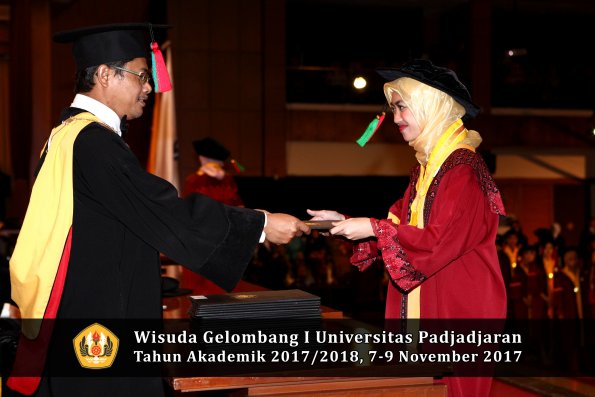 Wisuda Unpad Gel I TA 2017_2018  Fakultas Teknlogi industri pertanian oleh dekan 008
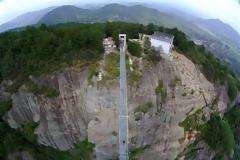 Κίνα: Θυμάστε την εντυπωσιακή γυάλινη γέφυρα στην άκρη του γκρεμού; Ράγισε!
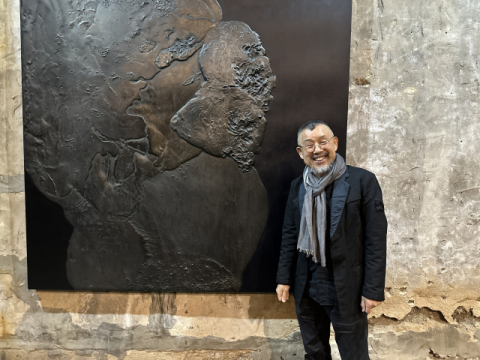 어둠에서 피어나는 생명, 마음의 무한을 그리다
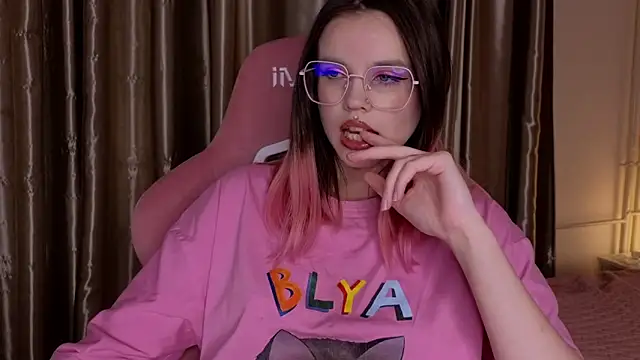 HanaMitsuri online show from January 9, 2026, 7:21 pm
---
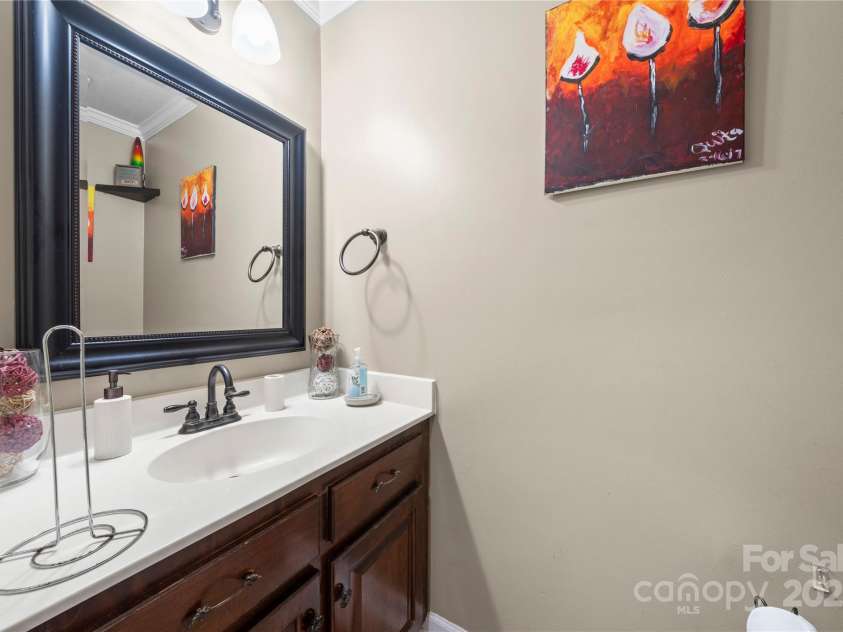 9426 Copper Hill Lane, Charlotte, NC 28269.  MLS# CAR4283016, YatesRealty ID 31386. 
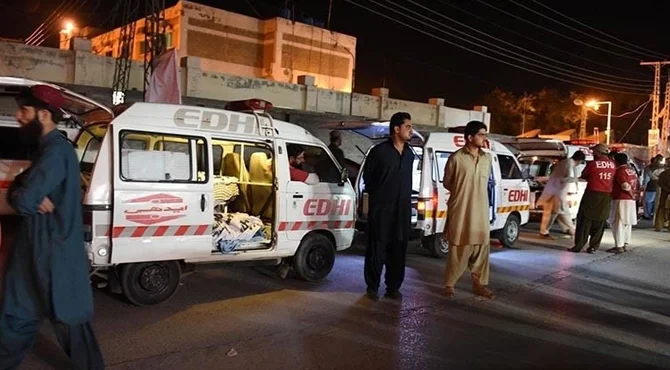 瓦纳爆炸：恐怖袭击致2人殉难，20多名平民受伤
...
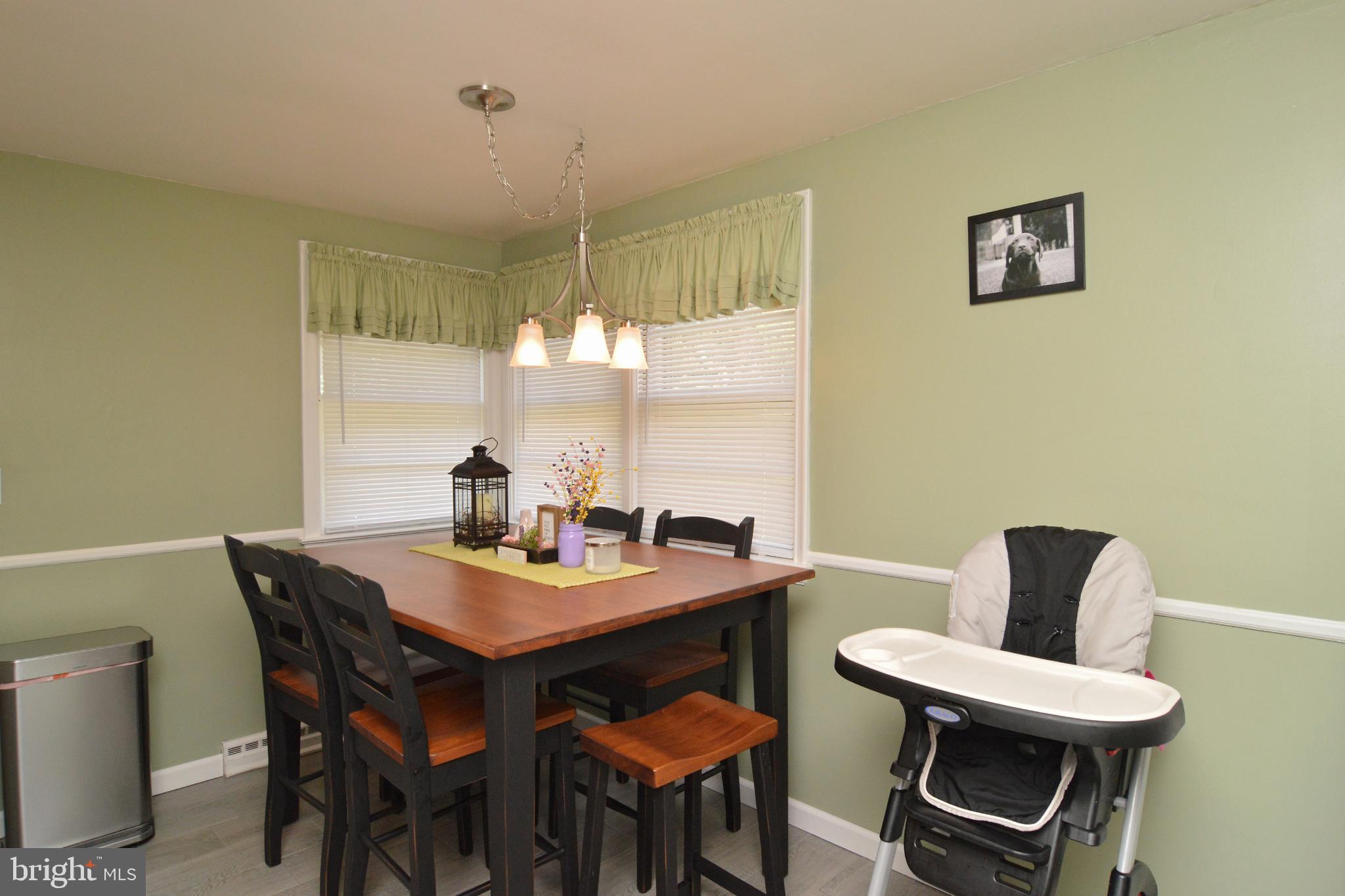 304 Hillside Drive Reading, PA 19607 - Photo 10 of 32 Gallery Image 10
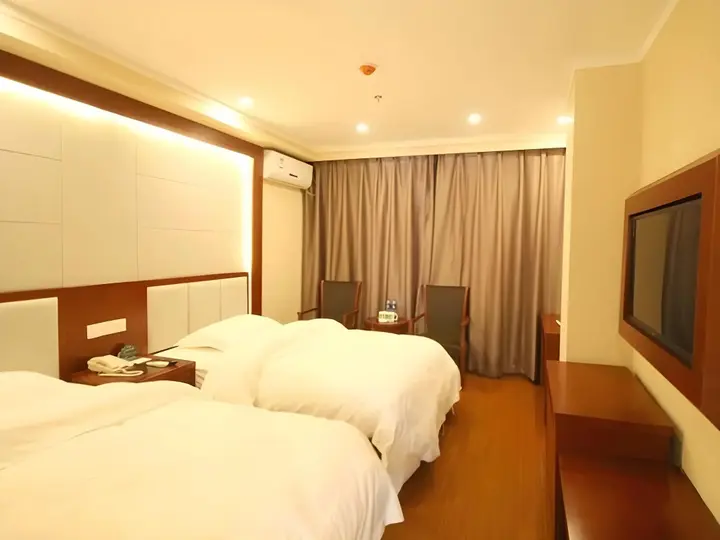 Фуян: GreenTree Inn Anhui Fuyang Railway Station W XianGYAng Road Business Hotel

* _Work task_: Please set down, exactly and with no pictures, the lines in the entries above starting at the one holding "Wisuda Unpad Gel" and ending at the one holding "HanaMitsuri online show", ends included.

* _Answer space_:
 Wisuda Unpad Gel I TA 2017_2018  Fakultas Teknlogi industri pertanian oleh dekan 008
 Κίνα: Θυμάστε την εντυπωσιακή γυάλινη γέφυρα στην άκρη του γκρεμού; Ράγισε!
 어둠에서 피어나는 생명, 마음의 무한을 그리다
 HanaMitsuri online show from January 9, 2026, 7:21 pm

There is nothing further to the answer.